Wednesday, January 2, 2013

Court holds that Jones concurrences do not provide that extended surveillance violates Fourth Amendment

In United States v. Brooks, No. CR 11-2265 (D. Ariz. 2012), the court held that the concurring opinions in the Supreme Court's 2012 Jones decision cannot be read to find that prolonged video surveillance violates the Fourth Amendment.

Law enforcement had placed a camera on a service pole outside the defendant's apartment complex with permission from the property owner. The camera was able to zoom and pan. Using images acquired from the camera, the government was able to build a case against the defendant.

At issue before the court was whether the placement of the camera violated the defendant's Fourth Amendment rights and the evidence should be suppressed. The defendant, relying on concurring opinions by Justices Alito and Sotomayor, argued that under United States v.
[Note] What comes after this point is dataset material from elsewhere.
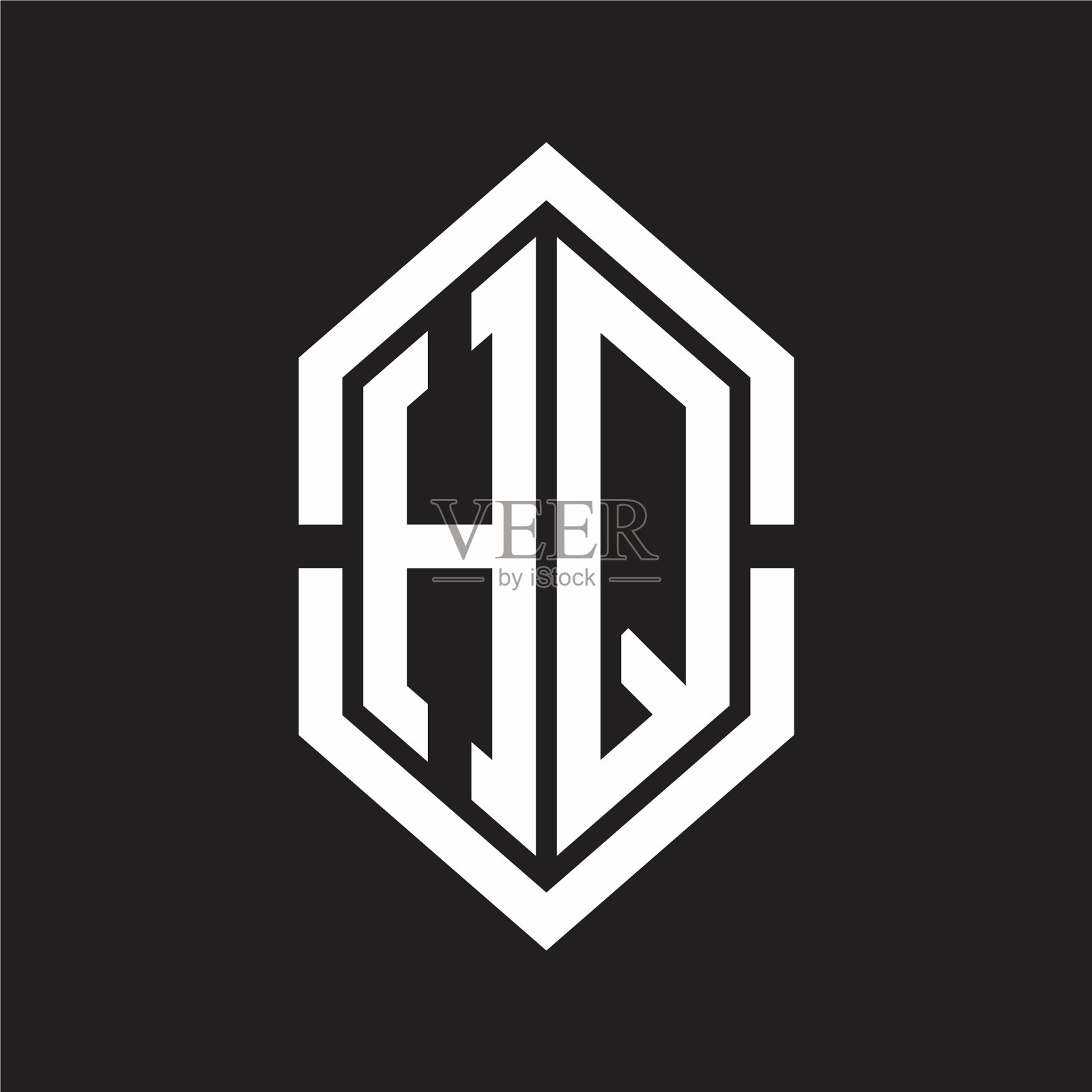 总部标志字母与六边形形状和轮廓插画图片素材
Jones, "long-term continuous surveillance violate's a person's Fourth Amendment rights."

The court disagreed that the concurring opinions can be read as binding.
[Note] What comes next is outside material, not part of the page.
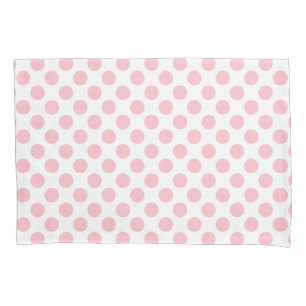 Rosa auf weiße große Polka-Punkte Kissenbezug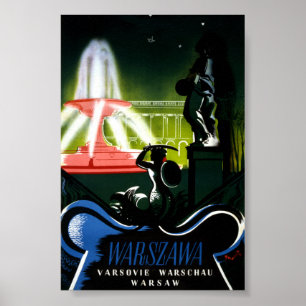 Warschau Polen Vintage Reiseposter Restauriert Poster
While it does appear that in some future case, a five justice "majority" is willing to accept the principle that Government surveillance can implicate an individual's reasonable expectation of privacy over time, Jones does not dictate the result of the case at hand because it merely reaffirms the reasonable expectation of privacy analysis.... Accordingly, the Court must determine whether Defendant's reasonable expectation of privacy required law enforcement to obtain a warrant before conducting pole camera surveillance on the parking lot of a gated apartment complex associated with Defendant from a camera whose installation was permitted.
As such, the motion to suppress was denied.